Annual Contract
You commit to the subscription for a full year. Often required for the lowest advertised price. Be careful with auto-renewal clauses — many contracts renew automatically unless you cancel 30-90 days before the end date.
Credit-Based Pricing
You purchase a pool of credits and spend them as you use the product — each export, lookup, or action consumes credits. Credits often expire monthly with no rollover, meaning unused credits are lost. Check whether different actions cost different credit amounts, as this can make true cost hard to predict.
Data Enrichment
The process of appending additional information to existing records — adding phone numbers to a contact list, or firmographic data to a company record. Enrichment tools pull from proprietary databases or aggregate multiple sources.
Flat-Rate Pricing
One fixed price for access to the product, regardless of how many users or how much you use it. Simple to budget for, but often comes with usage caps or export limits buried in the fine print.
Free Plan
A permanently free tier with limited features or usage.
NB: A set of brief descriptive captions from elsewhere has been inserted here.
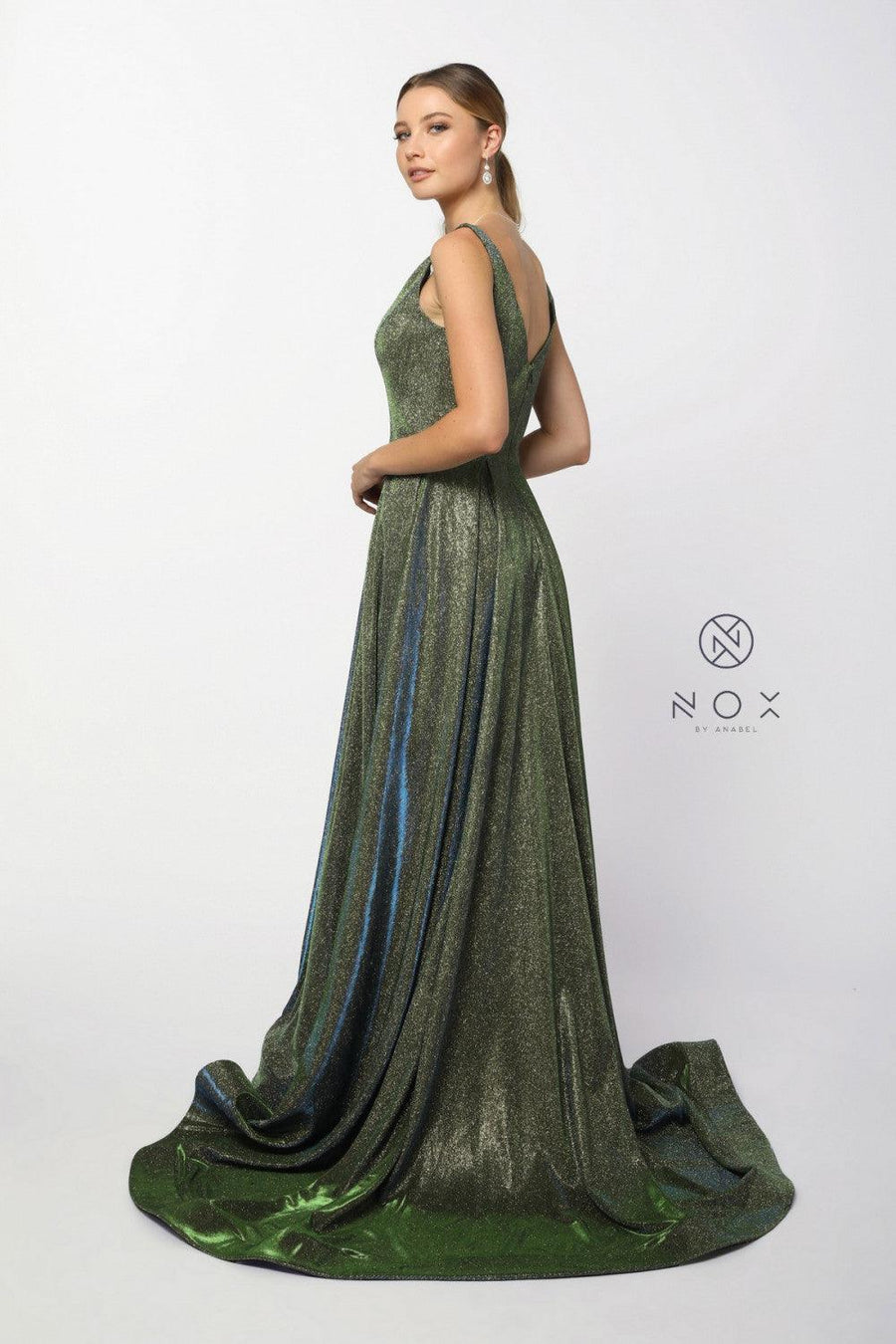 Long Metallic Prom Dress Evening Gown with Pockets - The Dress Outlet Nox Anabel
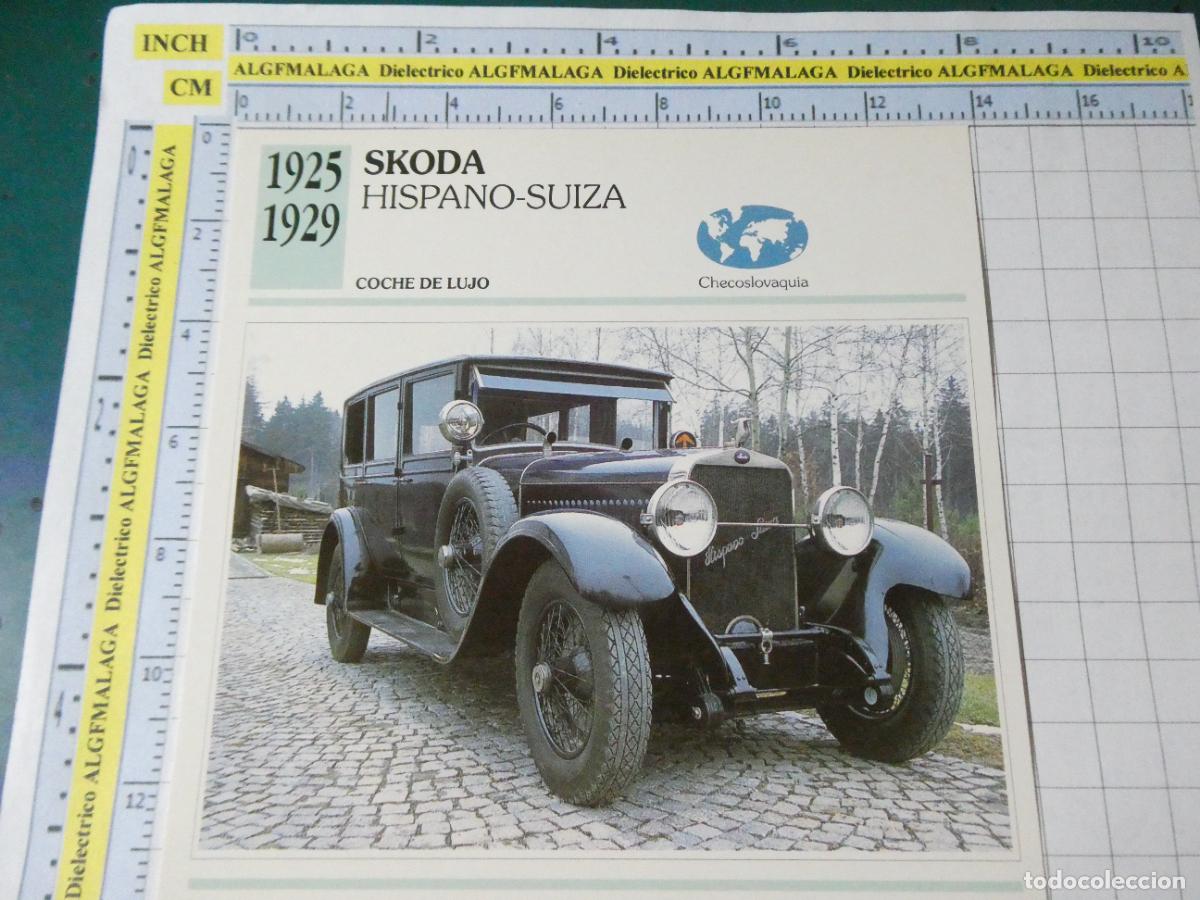 Coches y motocicletas: TARJETA FICHA T&Eacute;CNICA COCHES COLECCI&Oacute;N PLANETA AGOSTINI CHECOSLOVAQUIA 1925 SKODA HISPANO SUIZA 1357
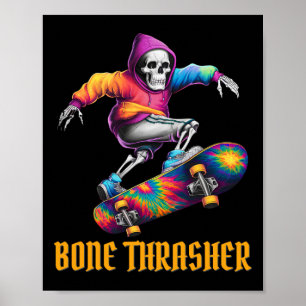 Thrasher Skeleton Halloween Costume  Poster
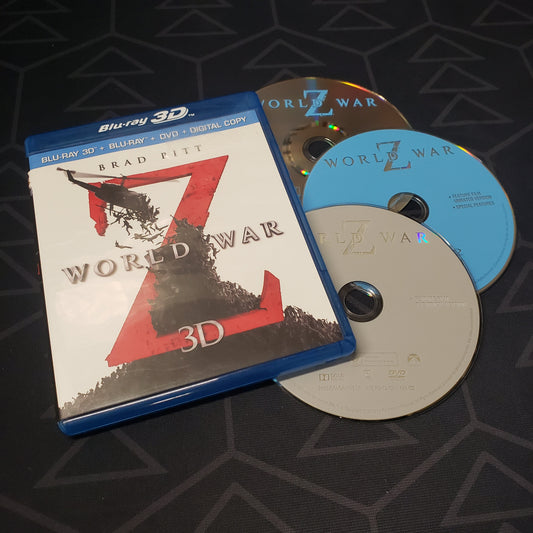 Image shows the case & three discs for the movie set of World War Z 3D on Blu-Ray & DVD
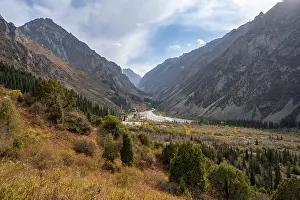 View of the Ala Archa valley, autumnal mountain landscape with Ak Say mountain stream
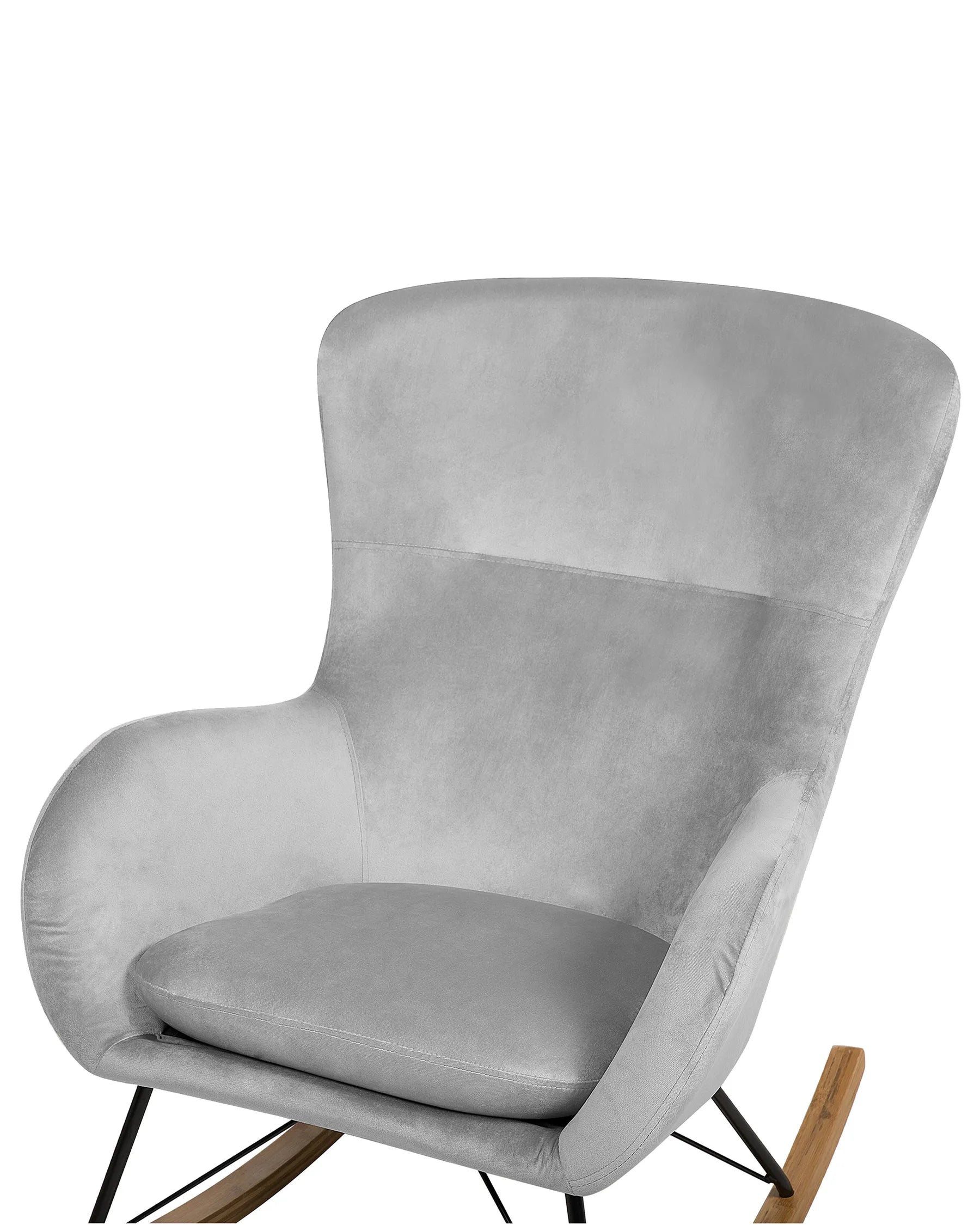 Rocking Chair ELLAN Velvet Light Grey
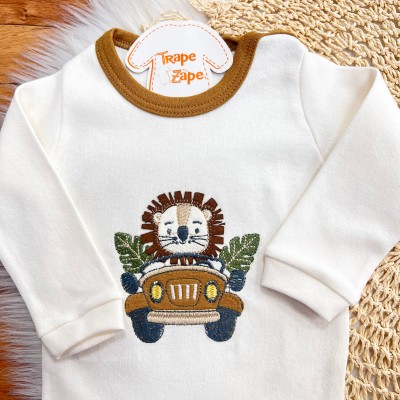  CONJ. DE MALHA 3 PEÇAS - Leãozinho com Jeep - Caramelo e Off White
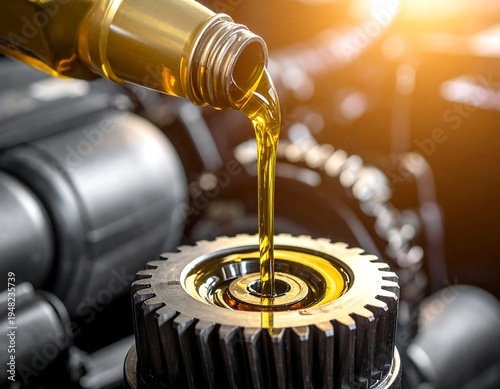Golden oil pours onto a gear against a dark engine background, with a bright light effect
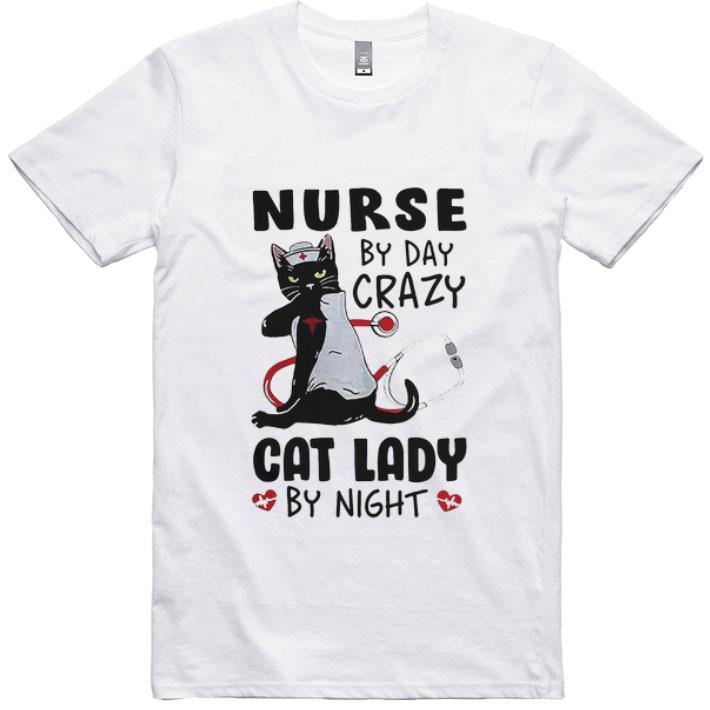Top Black Cat Stethoscope Nurse By Day Crazy Cat Lady By Night shirt
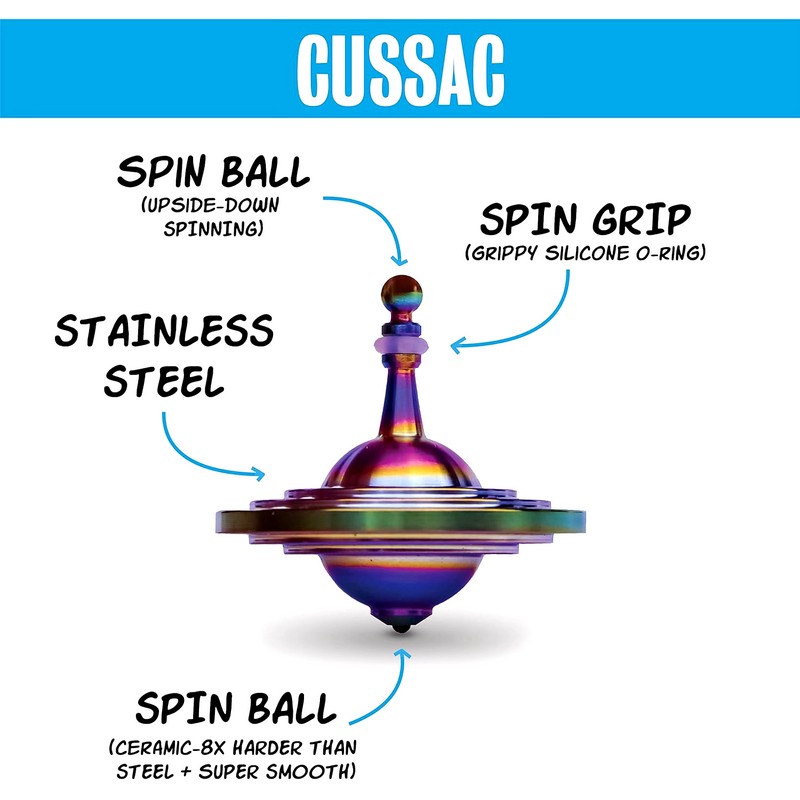 UFO TOps Cussac | Metal Spinning Top | Inspired by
Different from a free trial — there's no expiration date. Free plans are often used as lead generation tools and may have significant limitations that push you toward paid tiers.
Free Trial
Temporary access to a paid plan, usually 7-30 days. Lets you evaluate the full product before committing. Some trials require a credit card upfront and auto-convert to paid if you don't cancel.
Firmographics
Descriptive attributes of a company — industry, employee count, revenue, location, technology stack. The B2B equivalent of demographics. Used to filter prospecting lists and define ideal customer profiles.
Intent Data
Signals that indicate a company or person is actively researching a topic or category — typically derived from web browsing behavior, content consumption, or search activity. Used to prioritize outreach toward buyers who are in-market right now.
Minimum Commitment
A floor on what you must spend or how many seats/credits you must purchase, regardless of actual usage. Common in enterprise contracts. A tool with a $500/month minimum is not a $500/month tool for a team that only needs $200 worth of value.
Overage Fee
A charge applied when you exceed the limits of your plan — extra exports, API calls, seats, or contacts. Overage rates are often significantly higher per unit than your base plan rate, so it's worth knowing the ceiling before you hit it.
Per-Seat Pricing
You pay a fixed monthly fee for each user who accesses the software. The total cost scales directly with your team size. Common in CRM and sales tools — watch for minimums that force you to buy more seats than you need.
Quote-Only Pricing
No published pricing — you must contact sales to get a number. Common with enterprise software. Prices are negotiable but the process is slow, and you have no baseline to negotiate from without doing your homework first.
Technographics
Data about the technology a company uses — which CRM, marketing automation, cloud provider, etc. Useful for targeting companies that use complementary tools or are likely candidates to switch from a competitor.
Usage-Based Pricing
Your bill is determined by how much you actually use the product — API calls, records processed, emails sent, etc. Costs can be unpredictable month to month, especially during growth phases or one-off campaigns.